____ EXTRACTED RECORDS
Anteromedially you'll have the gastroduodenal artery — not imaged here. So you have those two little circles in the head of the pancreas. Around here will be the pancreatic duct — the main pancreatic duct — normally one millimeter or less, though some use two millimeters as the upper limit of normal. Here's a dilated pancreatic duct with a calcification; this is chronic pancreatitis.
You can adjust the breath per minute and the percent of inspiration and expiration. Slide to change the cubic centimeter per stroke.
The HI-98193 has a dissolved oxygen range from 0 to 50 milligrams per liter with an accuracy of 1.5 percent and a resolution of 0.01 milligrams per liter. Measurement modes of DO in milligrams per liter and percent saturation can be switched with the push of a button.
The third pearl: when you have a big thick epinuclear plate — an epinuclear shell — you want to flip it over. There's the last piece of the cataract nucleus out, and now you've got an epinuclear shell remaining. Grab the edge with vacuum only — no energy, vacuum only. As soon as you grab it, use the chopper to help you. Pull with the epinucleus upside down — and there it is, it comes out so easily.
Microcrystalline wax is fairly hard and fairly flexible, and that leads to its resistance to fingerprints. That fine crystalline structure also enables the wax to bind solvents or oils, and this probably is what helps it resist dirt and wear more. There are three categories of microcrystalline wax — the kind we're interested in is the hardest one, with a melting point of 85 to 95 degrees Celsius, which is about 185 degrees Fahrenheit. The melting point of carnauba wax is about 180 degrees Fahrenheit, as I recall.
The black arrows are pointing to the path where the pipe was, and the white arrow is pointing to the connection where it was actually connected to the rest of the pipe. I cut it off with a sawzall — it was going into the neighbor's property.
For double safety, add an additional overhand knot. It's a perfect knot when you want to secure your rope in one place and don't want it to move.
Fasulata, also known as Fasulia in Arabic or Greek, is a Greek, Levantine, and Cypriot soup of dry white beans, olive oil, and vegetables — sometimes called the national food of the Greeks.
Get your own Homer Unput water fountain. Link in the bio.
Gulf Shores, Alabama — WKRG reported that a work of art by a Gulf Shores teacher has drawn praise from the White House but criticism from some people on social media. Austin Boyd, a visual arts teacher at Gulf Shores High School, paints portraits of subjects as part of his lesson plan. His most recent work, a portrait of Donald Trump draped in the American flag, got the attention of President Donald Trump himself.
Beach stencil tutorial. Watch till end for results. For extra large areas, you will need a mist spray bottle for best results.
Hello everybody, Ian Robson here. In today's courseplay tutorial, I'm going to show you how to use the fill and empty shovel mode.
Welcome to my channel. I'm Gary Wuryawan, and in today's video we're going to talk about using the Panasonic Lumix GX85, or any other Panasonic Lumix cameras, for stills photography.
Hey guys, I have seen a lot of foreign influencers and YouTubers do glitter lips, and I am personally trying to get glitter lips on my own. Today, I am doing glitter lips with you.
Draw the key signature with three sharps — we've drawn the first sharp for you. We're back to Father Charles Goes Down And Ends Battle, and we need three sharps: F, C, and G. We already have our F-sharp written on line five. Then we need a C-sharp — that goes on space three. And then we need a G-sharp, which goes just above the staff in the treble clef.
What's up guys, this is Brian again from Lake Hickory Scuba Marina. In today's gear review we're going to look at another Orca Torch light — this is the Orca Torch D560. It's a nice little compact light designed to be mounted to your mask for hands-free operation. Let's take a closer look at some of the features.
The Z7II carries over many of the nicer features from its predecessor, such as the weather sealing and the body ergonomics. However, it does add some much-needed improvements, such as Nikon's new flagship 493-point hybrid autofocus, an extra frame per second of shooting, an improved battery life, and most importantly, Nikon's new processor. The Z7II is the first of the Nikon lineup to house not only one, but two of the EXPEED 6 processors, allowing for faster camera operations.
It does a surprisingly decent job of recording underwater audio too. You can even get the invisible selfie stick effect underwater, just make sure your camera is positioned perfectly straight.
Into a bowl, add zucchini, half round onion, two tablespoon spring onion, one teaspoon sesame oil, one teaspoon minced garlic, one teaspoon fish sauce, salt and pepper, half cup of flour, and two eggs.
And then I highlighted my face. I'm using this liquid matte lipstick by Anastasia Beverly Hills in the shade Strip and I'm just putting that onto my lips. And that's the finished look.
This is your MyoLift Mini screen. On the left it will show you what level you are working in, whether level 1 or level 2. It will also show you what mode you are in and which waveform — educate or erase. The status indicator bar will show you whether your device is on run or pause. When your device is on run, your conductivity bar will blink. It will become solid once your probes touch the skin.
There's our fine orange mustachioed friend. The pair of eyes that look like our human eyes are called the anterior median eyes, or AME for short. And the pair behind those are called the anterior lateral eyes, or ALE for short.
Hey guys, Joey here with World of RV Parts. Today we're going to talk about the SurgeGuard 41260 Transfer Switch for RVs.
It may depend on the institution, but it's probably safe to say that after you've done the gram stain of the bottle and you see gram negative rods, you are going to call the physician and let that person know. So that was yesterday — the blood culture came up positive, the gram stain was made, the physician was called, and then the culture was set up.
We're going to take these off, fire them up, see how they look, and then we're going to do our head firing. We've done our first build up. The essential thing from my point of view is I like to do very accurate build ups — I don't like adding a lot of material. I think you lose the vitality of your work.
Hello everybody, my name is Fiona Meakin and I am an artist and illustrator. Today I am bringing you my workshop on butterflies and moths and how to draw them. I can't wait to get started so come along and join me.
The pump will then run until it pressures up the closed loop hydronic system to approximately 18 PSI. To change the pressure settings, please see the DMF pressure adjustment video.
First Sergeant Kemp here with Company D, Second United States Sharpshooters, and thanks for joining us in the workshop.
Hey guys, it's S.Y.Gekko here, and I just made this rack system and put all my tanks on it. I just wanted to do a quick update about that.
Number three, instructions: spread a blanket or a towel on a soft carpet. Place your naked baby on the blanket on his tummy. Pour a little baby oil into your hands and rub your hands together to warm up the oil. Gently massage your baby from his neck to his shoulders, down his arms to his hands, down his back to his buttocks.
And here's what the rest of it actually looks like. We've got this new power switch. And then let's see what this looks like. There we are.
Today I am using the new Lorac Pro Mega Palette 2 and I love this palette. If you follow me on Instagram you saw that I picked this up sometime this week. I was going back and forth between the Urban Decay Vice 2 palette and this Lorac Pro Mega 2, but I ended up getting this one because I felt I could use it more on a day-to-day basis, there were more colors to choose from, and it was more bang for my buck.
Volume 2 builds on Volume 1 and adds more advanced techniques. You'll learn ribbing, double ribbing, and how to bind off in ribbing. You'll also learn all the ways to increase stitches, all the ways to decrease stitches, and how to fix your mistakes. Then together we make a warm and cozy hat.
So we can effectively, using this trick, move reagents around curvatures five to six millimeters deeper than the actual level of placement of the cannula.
________
▶ WHAT THE EXERCISE ASKS: A full, exact copy of the entries is the required answer.

▶ WRITTEN RESPONSE:
Anteromedially you'll have the gastroduodenal artery — not imaged here. So you have those two little circles in the head of the pancreas. Around here will be the pancreatic duct — the main pancreatic duct — normally one millimeter or less, though some use two millimeters as the upper limit of normal. Here's a dilated pancreatic duct with a calcification; this is chronic pancreatitis.
You can adjust the breath per minute and the percent of inspiration and expiration. Slide to change the cubic centimeter per stroke.
The HI-98193 has a dissolved oxygen range from 0 to 50 milligrams per liter with an accuracy of 1.5 percent and a resolution of 0.01 milligrams per liter. Measurement modes of DO in milligrams per liter and percent saturation can be switched with the push of a button.
The third pearl: when you have a big thick epinuclear plate — an epinuclear shell — you want to flip it over. There's the last piece of the cataract nucleus out, and now you've got an epinuclear shell remaining. Grab the edge with vacuum only — no energy, vacuum only. As soon as you grab it, use the chopper to help you. Pull with the epinucleus upside down — and there it is, it comes out so easily.
Microcrystalline wax is fairly hard and fairly flexible, and that leads to its resistance to fingerprints. That fine crystalline structure also enables the wax to bind solvents or oils, and this probably is what helps it resist dirt and wear more. There are three categories of microcrystalline wax — the kind we're interested in is the hardest one, with a melting point of 85 to 95 degrees Celsius, which is about 185 degrees Fahrenheit. The melting point of carnauba wax is about 180 degrees Fahrenheit, as I recall.
The black arrows are pointing to the path where the pipe was, and the white arrow is pointing to the connection where it was actually connected to the rest of the pipe. I cut it off with a sawzall — it was going into the neighbor's property.
For double safety, add an additional overhand knot. It's a perfect knot when you want to secure your rope in one place and don't want it to move.
Fasulata, also known as Fasulia in Arabic or Greek, is a Greek, Levantine, and Cypriot soup of dry white beans, olive oil, and vegetables — sometimes called the national food of the Greeks.
Get your own Homer Unput water fountain. Link in the bio.
Gulf Shores, Alabama — WKRG reported that a work of art by a Gulf Shores teacher has drawn praise from the White House but criticism from some people on social media. Austin Boyd, a visual arts teacher at Gulf Shores High School, paints portraits of subjects as part of his lesson plan. His most recent work, a portrait of Donald Trump draped in the American flag, got the attention of President Donald Trump himself.
Beach stencil tutorial. Watch till end for results. For extra large areas, you will need a mist spray bottle for best results.
Hello everybody, Ian Robson here. In today's courseplay tutorial, I'm going to show you how to use the fill and empty shovel mode.
Welcome to my channel. I'm Gary Wuryawan, and in today's video we're going to talk about using the Panasonic Lumix GX85, or any other Panasonic Lumix cameras, for stills photography.
Hey guys, I have seen a lot of foreign influencers and YouTubers do glitter lips, and I am personally trying to get glitter lips on my own. Today, I am doing glitter lips with you.
Draw the key signature with three sharps — we've drawn the first sharp for you. We're back to Father Charles Goes Down And Ends Battle, and we need three sharps: F, C, and G. We already have our F-sharp written on line five. Then we need a C-sharp — that goes on space three. And then we need a G-sharp, which goes just above the staff in the treble clef.
What's up guys, this is Brian again from Lake Hickory Scuba Marina. In today's gear review we're going to look at another Orca Torch light — this is the Orca Torch D560. It's a nice little compact light designed to be mounted to your mask for hands-free operation. Let's take a closer look at some of the features.
The Z7II carries over many of the nicer features from its predecessor, such as the weather sealing and the body ergonomics. However, it does add some much-needed improvements, such as Nikon's new flagship 493-point hybrid autofocus, an extra frame per second of shooting, an improved battery life, and most importantly, Nikon's new processor. The Z7II is the first of the Nikon lineup to house not only one, but two of the EXPEED 6 processors, allowing for faster camera operations.
It does a surprisingly decent job of recording underwater audio too. You can even get the invisible selfie stick effect underwater, just make sure your camera is positioned perfectly straight.
Into a bowl, add zucchini, half round onion, two tablespoon spring onion, one teaspoon sesame oil, one teaspoon minced garlic, one teaspoon fish sauce, salt and pepper, half cup of flour, and two eggs.
And then I highlighted my face. I'm using this liquid matte lipstick by Anastasia Beverly Hills in the shade Strip and I'm just putting that onto my lips. And that's the finished look.
This is your MyoLift Mini screen. On the left it will show you what level you are working in, whether level 1 or level 2. It will also show you what mode you are in and which waveform — educate or erase. The status indicator bar will show you whether your device is on run or pause. When your device is on run, your conductivity bar will blink. It will become solid once your probes touch the skin.
There's our fine orange mustachioed friend. The pair of eyes that look like our human eyes are called the anterior median eyes, or AME for short. And the pair behind those are called the anterior lateral eyes, or ALE for short.
Hey guys, Joey here with World of RV Parts. Today we're going to talk about the SurgeGuard 41260 Transfer Switch for RVs.
It may depend on the institution, but it's probably safe to say that after you've done the gram stain of the bottle and you see gram negative rods, you are going to call the physician and let that person know. So that was yesterday — the blood culture came up positive, the gram stain was made, the physician was called, and then the culture was set up.
We're going to take these off, fire them up, see how they look, and then we're going to do our head firing. We've done our first build up. The essential thing from my point of view is I like to do very accurate build ups — I don't like adding a lot of material. I think you lose the vitality of your work.
Hello everybody, my name is Fiona Meakin and I am an artist and illustrator. Today I am bringing you my workshop on butterflies and moths and how to draw them. I can't wait to get started so come along and join me.
The pump will then run until it pressures up the closed loop hydronic system to approximately 18 PSI. To change the pressure settings, please see the DMF pressure adjustment video.
First Sergeant Kemp here with Company D, Second United States Sharpshooters, and thanks for joining us in the workshop.
Hey guys, it's S.Y.Gekko here, and I just made this rack system and put all my tanks on it. I just wanted to do a quick update about that.
Number three, instructions: spread a blanket or a towel on a soft carpet. Place your naked baby on the blanket on his tummy. Pour a little baby oil into your hands and rub your hands together to warm up the oil. Gently massage your baby from his neck to his shoulders, down his arms to his hands, down his back to his buttocks.
And here's what the rest of it actually looks like. We've got this new power switch. And then let's see what this looks like. There we are.
Today I am using the new Lorac Pro Mega Palette 2 and I love this palette. If you follow me on Instagram you saw that I picked this up sometime this week. I was going back and forth between the Urban Decay Vice 2 palette and this Lorac Pro Mega 2, but I ended up getting this one because I felt I could use it more on a day-to-day basis, there were more colors to choose from, and it was more bang for my buck.
Volume 2 builds on Volume 1 and adds more advanced techniques. You'll learn ribbing, double ribbing, and how to bind off in ribbing. You'll also learn all the ways to increase stitches, all the ways to decrease stitches, and how to fix your mistakes. Then together we make a warm and cozy hat.
So we can effectively, using this trick, move reagents around curvatures five to six millimeters deeper than the actual level of placement of the cannula.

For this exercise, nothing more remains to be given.